Aksi Tolak Perppu Cipta Kerja, Massa Aksi Menuntut Pencabutan Cipta Kerja

Aksi Tolak Perppu Cipta Kerja, Massa Aksi Menuntut Pencabutan Cipta Kerja

Sumber gambar: Dok/LPM Progress/Alamanda Firdaus

 

LPM Progress - Selasa (28/2), telah diselenggarakan aksi demonstrasi untuk Tuntutan Pencabutan Peraturan Pemerintah Pengganti Undang-Undang (Perppu) Cipta Kerja di depan Gedung MPR/DPR RI, Jakarta Pusat. Aksi ini dimulai dengan menyanyikan lagu Indonesia Raya.

Aksi ini dihadiri oleh Kongres Aliansi Serikat Buruh Indonesia (KASBI), Persatuan Pekerja Muslim Indonesia (PPMI), Konfederasi Serikat Indonesia (KSI), Kesatuan Perjuangan Rakyat (KPR), Konferedasi Serikat Nasional (KSN), Konferedasi Persatuan Buruh Indonesia (KPBI), Kumaung, Serikat Buruh Sejahtera Independen 92 (SBSI 92) dan Gabungan Organisasi Buruh Serikat Islam Indonesia (GOBSI). Selain itu terdapat massa aksi dari daerah DKI Jakarta, Banten, Tanggerang, Bekasi, Majalengka, Garut dan Brebes. Selain aksi demonstrasi ini adapun upaya lain yang dilakukan yaitu masyarakat sidang di Mahkamah Konstitusi  (MK) kemudian sidang di Pengadilan Tata Usaha Negara (PTUN).

Massa aksi menuntut DPR RI untuk mencabut Perppu Cipta Kerja dikarenakan menurut massa aksi hal ini merupakan penghancuran ruang hidup yang dianggap banyak merugikan hak-hak rakyat, karena sebelumnya telah terjadi kenaikan harga Bahan Bakar Minyak (BBM) dan minyak goreng. Selain itu Perppu Cipta Kerja akan memperluas monopoli tanah melalui bank tanah, menyingkirkan petani dari urusan pangan melalui food estate, Penggusuran Skala Nasional (PSN) melalui proyek strategis nasional dan berbagai ancaman dilaksanakan reforma agraria di Indonesia.

Menurut Asih selaku koordinator dari SBSI 92 Perppu Cipta Kerja ini sangat merugikan, bukan hanya buruh tapi semua pihak.

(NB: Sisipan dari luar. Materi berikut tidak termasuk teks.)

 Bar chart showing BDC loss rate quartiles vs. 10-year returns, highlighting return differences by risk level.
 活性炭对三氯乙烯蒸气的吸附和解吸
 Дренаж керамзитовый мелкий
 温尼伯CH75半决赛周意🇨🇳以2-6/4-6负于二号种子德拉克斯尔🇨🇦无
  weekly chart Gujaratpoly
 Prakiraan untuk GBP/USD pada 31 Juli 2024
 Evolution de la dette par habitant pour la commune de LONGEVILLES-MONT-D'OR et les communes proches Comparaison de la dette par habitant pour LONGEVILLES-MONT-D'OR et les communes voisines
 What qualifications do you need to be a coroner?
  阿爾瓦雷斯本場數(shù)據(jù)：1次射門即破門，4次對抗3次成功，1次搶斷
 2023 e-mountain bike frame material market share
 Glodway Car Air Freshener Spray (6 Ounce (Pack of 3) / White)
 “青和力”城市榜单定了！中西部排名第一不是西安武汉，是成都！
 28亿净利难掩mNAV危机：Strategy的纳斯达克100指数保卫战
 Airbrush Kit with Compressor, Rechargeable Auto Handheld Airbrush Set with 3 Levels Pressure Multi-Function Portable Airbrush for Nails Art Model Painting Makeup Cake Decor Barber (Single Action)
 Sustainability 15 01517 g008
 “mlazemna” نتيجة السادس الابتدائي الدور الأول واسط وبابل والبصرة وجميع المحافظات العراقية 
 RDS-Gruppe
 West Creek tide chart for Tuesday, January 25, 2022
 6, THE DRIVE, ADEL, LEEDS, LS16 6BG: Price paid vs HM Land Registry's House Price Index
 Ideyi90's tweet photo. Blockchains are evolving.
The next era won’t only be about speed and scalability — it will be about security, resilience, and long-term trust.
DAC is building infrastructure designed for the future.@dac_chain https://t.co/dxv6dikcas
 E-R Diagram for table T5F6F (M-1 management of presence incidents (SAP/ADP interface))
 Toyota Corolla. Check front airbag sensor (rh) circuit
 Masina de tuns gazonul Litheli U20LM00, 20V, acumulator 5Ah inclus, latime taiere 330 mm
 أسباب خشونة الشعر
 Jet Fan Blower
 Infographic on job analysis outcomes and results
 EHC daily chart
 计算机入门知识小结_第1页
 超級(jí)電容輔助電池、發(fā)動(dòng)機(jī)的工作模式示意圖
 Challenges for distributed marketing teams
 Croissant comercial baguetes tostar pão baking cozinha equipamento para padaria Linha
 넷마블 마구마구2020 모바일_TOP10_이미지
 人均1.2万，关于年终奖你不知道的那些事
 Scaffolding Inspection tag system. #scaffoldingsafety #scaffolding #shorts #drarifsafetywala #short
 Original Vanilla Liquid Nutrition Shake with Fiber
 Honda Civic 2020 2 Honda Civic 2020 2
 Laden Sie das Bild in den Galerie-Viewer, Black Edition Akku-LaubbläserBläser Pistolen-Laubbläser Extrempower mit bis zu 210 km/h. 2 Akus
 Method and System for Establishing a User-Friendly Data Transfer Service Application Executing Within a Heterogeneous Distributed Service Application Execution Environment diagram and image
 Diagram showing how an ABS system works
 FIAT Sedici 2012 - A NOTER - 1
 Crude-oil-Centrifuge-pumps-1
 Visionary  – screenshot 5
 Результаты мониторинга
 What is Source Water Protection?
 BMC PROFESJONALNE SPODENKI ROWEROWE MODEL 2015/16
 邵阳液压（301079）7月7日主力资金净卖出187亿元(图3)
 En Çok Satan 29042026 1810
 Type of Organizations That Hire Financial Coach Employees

Ada beberapa persoalan tentang kerugian ini, seperti perusahaan yang melakukan Pemutusan Hubungan Kerja (PHK) diwajibkan untuk membayar uang pesangon sebesar 2 kali upah sebulan kemudian berubah menjadi perusahaan membayar pesangon karyawan PHK setengah dari ketentuan lama, kontrak yang seumur hidup serta persyaratan tenaga kerja asing masuk ke Indonesia yang tidak menggunakan bahasa seharusnya malah menggunakan bahasa bebas dengan alih-alih agar investasi masuk.

"Jadi, banyak sekali persoalan-persoalan hari ini, yaitu dengan adanya Perppu Cipta Kerja tidak hanya merugikan kaum buruh dan petani tapi juga kaum pelajar. Maka hari ini, kami datang kesini untuk meminta kepada seluruh anggota MPR/DPR RI untuk tidak mengesahkan Perppu Nomor 2 Tahun 2022 tentang Cipta Kerja," ujar Asih.

Selain itu masih banyak contoh kasus lain seperti kasus Morowali yang menimbulkan korban jiwa karena persoalan komunikasi antara tenaga kerja asing dan tenaga kerja Indonesia yang tidak nyambung. Persoalan di Morowali yaitu tenaga kerja asing memakai standar internasional sedangkan tenaga kerja Indonesia memakai Upah Minimum Regional (UMR).

“Inikan persoalan, padahal tugasnya sama. Kemudian lapangan kerja semakin sempit karena para investor dari luar negri datang ke Indonesia membawa tenaga kerja sendiri," ungkap Asih.